Kapolsek Bungku Barat, Iptu Gigih Winanda, menyebut pengungkapan ini berawal dari laporan warga pada pukul 07.00 WITA. Korban kehilangan motor saat kendaraannya diparkir di pinggir Pantai Desa Wata pada dini hari sekitar pukul 00.30 WITA.
"Kami terus berkomitmen menjaga keamanan serta menindak tegas setiap pelanggaran hukum di wilayah hukum Polsek Bungku Barat dan sekitarnya. Keberhasilan ini berkat dukungan informasi dari masyarakat serta kesiapsiagaan personel di lapangan," ujar Iptu Gigih Winanda.
Penelusuran petugas membuahkan hasil pada pukul 13.30 WITA. Motor curian ditemukan terparkir di bawah sebatang pohon di lorong persawahan Desa Harapan Jaya, Kecamatan Bumi Raya. Tim Reskrim yang melakukan pengawasan terselubung kemudian melihat dua pemuda berboncengan mendekati lokasi.

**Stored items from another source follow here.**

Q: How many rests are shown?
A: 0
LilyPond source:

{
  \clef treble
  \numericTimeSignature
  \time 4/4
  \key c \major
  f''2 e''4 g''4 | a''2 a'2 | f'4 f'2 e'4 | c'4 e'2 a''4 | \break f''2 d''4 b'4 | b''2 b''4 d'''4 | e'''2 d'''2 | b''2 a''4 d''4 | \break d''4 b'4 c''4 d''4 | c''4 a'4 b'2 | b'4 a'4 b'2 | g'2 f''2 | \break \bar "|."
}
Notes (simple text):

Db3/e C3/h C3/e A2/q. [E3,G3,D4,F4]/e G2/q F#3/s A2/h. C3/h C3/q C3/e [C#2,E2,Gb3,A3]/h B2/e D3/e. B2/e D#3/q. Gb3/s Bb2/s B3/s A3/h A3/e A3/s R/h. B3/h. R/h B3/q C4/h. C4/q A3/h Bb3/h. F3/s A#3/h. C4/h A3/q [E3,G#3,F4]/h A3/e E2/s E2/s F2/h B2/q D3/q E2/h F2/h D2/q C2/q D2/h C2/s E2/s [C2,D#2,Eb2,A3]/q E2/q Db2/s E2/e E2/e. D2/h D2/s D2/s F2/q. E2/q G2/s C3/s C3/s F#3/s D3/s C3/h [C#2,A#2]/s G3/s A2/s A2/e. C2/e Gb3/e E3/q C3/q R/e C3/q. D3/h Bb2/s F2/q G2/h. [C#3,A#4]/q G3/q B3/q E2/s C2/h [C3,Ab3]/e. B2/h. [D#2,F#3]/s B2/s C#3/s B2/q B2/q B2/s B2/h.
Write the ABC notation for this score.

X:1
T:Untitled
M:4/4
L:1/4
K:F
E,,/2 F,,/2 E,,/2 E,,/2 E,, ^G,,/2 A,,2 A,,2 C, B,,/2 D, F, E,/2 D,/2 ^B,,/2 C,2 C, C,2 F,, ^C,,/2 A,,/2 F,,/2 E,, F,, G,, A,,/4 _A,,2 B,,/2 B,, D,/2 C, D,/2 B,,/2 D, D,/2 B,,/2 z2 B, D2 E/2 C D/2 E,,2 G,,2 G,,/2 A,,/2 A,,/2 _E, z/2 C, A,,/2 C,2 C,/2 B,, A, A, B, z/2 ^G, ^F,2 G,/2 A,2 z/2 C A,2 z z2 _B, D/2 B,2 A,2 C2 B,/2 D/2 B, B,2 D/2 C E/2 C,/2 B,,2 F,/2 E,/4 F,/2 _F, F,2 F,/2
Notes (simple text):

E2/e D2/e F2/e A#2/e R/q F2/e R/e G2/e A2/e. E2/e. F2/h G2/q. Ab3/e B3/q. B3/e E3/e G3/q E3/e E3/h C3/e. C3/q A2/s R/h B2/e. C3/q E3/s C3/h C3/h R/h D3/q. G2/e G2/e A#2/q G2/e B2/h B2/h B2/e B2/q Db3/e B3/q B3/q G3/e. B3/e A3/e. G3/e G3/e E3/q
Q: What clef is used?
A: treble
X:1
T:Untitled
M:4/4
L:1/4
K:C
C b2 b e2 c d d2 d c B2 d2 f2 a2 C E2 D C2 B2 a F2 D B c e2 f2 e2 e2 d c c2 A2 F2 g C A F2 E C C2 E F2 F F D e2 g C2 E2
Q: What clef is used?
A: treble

Gerak-gerik keduanya yang mencurigakan langsung direspons dengan penyergapan. Dari tangan pelaku, polisi menyita sejumlah perkakas yang diduga digunakan untuk beraksi, seperti gunting, korek api, dan potongan kabel.
Hasil interogasi awal mengungkap peran masing-masing tersangka. W mengakui aksinya bersama B, sehingga tim bergerak menjemput B di Desa Wata pada pukul 18.00 WITA. Kedua tersangka kini telah digelandang ke Markas Polsek Bungku Barat untuk menjalani proses penyidikan lebih lanjut.
Status residivis salah satu pelaku menjadi catatan penting dalam pengembangan kasus. Pihak kepolisian masih mendalami kemungkinan keterlibatan keduanya dalam aksi pencurian lain di wilayah Morowali dan sekitarnya.
Kasus ini menjadi pengingat bagi pemilik kendaraan untuk lebih waspada saat memarkirkan motor di area publik, terutama pada malam hari. Warga yang menjadi korban tindak kriminal diimbau segera melapor ke kantor polisi terdekat agar penanganan bisa dilakukan cepat.